The goal of this assignment is to give you prcatice working with accuracy and other recommender system metrics.
For this Project, I am using the dataset from UCI repository. http://eigentaste.berkeley.edu/dataset/
I am using the “Jester” Joke Recommender System dataset which has more than 6 million ratings of jokes by different users.
#import required library, recommenderlab also contains the actual jokes in JesterJokes
library(recommenderlab)
## Loading required package: Matrix
## Loading required package: arules
##
## Attaching package: 'arules'
## The following objects are masked from 'package:base':
##
## abbreviate, write
## Loading required package: proxy
##
## Attaching package: 'proxy'
## The following object is masked from 'package:Matrix':
##
## as.matrix
## The following objects are masked from 'package:stats':
##
## as.dist, dist
## The following object is masked from 'package:base':
##
## as.matrix
## Loading required package: registry
## Registered S3 methods overwritten by 'registry':
## method from
## print.registry_field proxy
## print.registry_entry proxy
library(ggplot2)
#using Jester5k(Sample) for ratings of package recommenderlab (5000 users and 100 jokes with ratings between -10.00 to 10.00)
data(Jester5k)
Jester <- Jester5k
# number of ratings -- 362106
nratings(Jester)
## [1] 362106
# number of ratings per user
summary(rowCounts(Jester))
## Min. 1st Qu. Median Mean 3rd Qu. Max.
## 36.00 53.00 72.00 72.42 100.00 100.00
# Histogram of rating distribution
hist(getRatings(Jester), main="Distribution of ratings",xlab="Rating",ylab="Frequency")

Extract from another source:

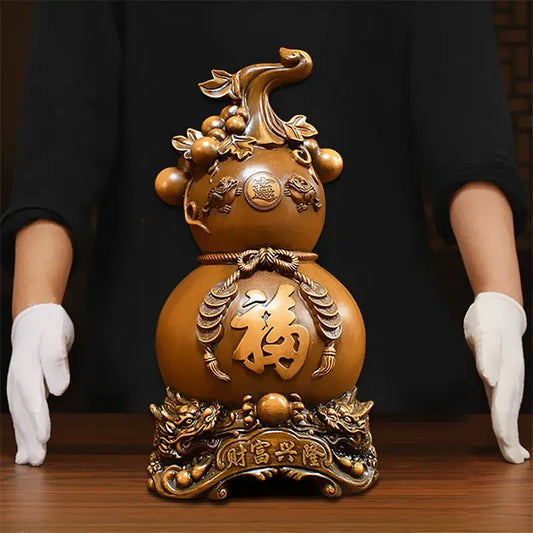 Zhaocai Wealth Attract Gourd New Chinese Woodgrain Handcarved Gourd Ornaments Relocation Gift Living Room Office Opening Gift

# Histogram rating distribution: normalized
hist(getRatings(normalize(Jester)),
main="Distribution of ratings",
xlab="Rating",
ylab="Frequency")
# 'best' joke with highest average rating
best <- which.max(colMeans(Jester))
cat(JesterJokes[best])
## A guy goes into confession and says to the priest, "Father, I'm 80 years old, widower, with 11 grandchildren. Last night I met two beautiful flight attendants. They took me home and I made love to both of them. Twice." The priest said: "Well, my son, when was the last time you were in confession?" "Never Father, I'm Jewish." "So then, why are you telling me?" "I'm telling everybody."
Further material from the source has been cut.